When it comes to Schwartz’s college experience, “fruitful” might be too mild. The Appleton native has a full record of honors activities, academic achievements and professional accomplishments, one reflective not just of flourishing curiosities but also a courage that has helped her thrive — and helped her show others how to do the same.

Headshot of Carrie Schwartz

Curios and community crossings

As she nears her spring 2026 graduation date, Schwartz’s degree plan reflects years of multifaceted curiosity.

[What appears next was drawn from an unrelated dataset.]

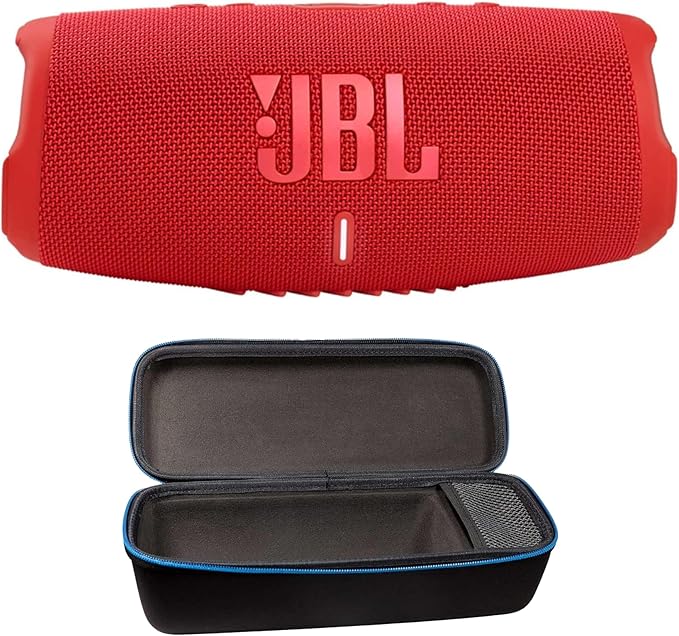 JBL Charge 5 (Red) + Bundle with divvi! Protective Hardshell Case (Black)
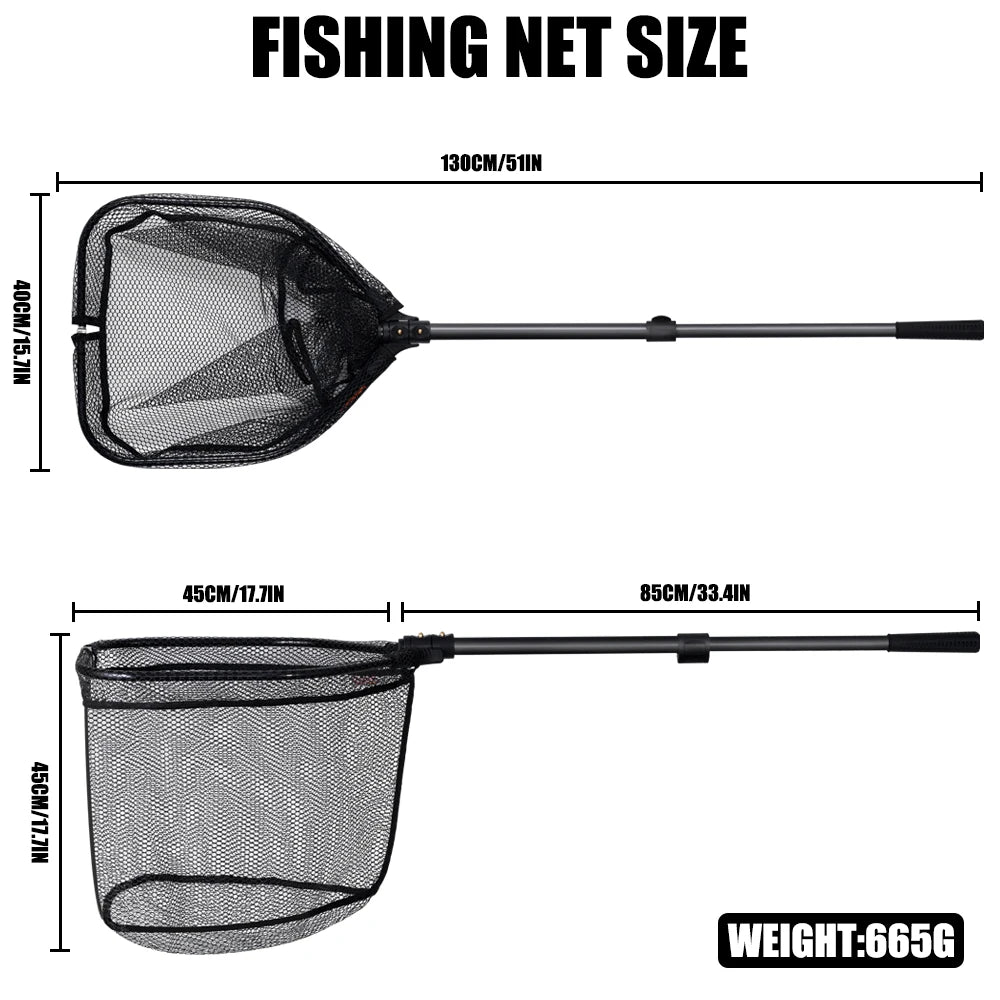 SAMOLLA Telescopic Fishing Landing Net | 130cm | Small Mesh | Retractable Hand Net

A communication major with a communication studies emphasis, music and multimedia communication minors and arts administration and American Sign Language certifications, Schwartz’s degree plan sparkles like a glass menagerie — each passion glistening next to another area of shining expertise.

“Multimedia communication and arts administration were both things that ended up pairing music and communication really nicely,” she explains. “Those were going to be skills that would be really marketable for my future.”

Aside from her academics, Schwartz has participated in a wide variety of on- and off-campus activities. The music and theatre arts department is no stranger to her, as a member of the Blugold Marching Band, orchestra and multiple main-stage theater productions. Schwartz’s passion for the arts also found a different kind of audience when she helped with the Midwest Artist Academy, a one-week summer program at UW-Eau Claire for high school students participating in visual art, dance, creative writing and other interdisciplinary arts.

That love of learning and outreach met many other times for Schwartz, too, primarily through UW-Eau Claire academic travel. This past January, for instance, Schwartz spent time in Thailand on the business and globalization international immersion program, visiting places like Wat Ron Khun, the White Temple, and Mae Fah Luang University. But Schwartz remembers most fondly the transformative journey she took last year on the Civil Rights Pilgrimage, traveling through Georgia, Alabama and Tennessee to study the history of the Civil Rights Movement and its echoes in the present.

“That's one of my favorite memories from college. I really encourage people to go if they haven't.”

Kinship and honors coursework

Schwartz speaks most glowingly of her time at UW-Eau Claire when she recollects her experiences in the Cosby Honors College. There she’s taken classes exploring niche subjects, developed her leadership skills and built relationships that will last a lifetime.

Among her most memorable honors experiences was a creative project born out of a sophomore-year honors course, “A Queer Lens.” Led by professor Ellen Mahaffy, Schwartz and her classmates spent a semester exploring queer theory and art, which culminated in a classwide exhibition over the next year.

A select group of students — Schwartz among them — curated, planned and publicized an exhibition featuring 13 artists from across the nation. One of the artists, New York-based Amaryllis R. Flowers, even conducted a workshop and artist talk for Schwartz and her peers on a Japanese pottery technique called Nerikomi. After, they followed Flowers into a room full of her work, lit only by the light of their cell phones.

“Hearing her talk about her art in the dark — and in that really intimate space — really made that project feel all worth it,” Schwartz reminisces. “It was such a great pinnacle of what our work had been leading towards in this moment, where people can connect over art in a really intimate way.”

Where courage meets curiosity

Schwartz is no stranger to the intimate work of connection. For the past two years, she has served as a resident assistant for the Honors Living Learning Community in Bridgman Hall, which provides first- and second-year honors students a chance to build community in and out of the classroom.

“The social aspect and the social part of college is really benefited by the honors program, and I see that in my residents in the LLC. (Honors) is this really soft place to land, where you’re still able to take risks that prepare you for a future where you're outside of college and you don't have that soft landing anymore.”

Honors at UW-Eau Claire, for both Schwartz and the students she mentors, has played a key part in cultivating that courage. And helping students blossom bravely into themselves has given Schwartz a new post-grad goal: to continue in residence life as a hall director.

“I like being able to facilitate students’ social learning and sense of belonging as they start sort of a new chapter of their lives,” she says. “Eau Claire really grew that affection in me, and I want to continue it somewhere else.”

Schwartz shares with her first-year residents the difficulties of transitioning into college; but she also shares with them how taking risks — to make a new friend, learn a new lesson or gain a new perspective — can transform them in academics and beyond.

“I'm proud of the fact that I look back on my own first and second year and recognize what I would have changed or how I would have handled things differently. How I study for tests and get my work turned in on time, but also how much I actually have to sleep to be a good student, and how to show up better for my friends.”

Failure as a mark of fearlessness, curiosity and growth: that’s an essential honors lesson Schwartz says she is “grateful for” — and one she promises to keep passing on to future residents.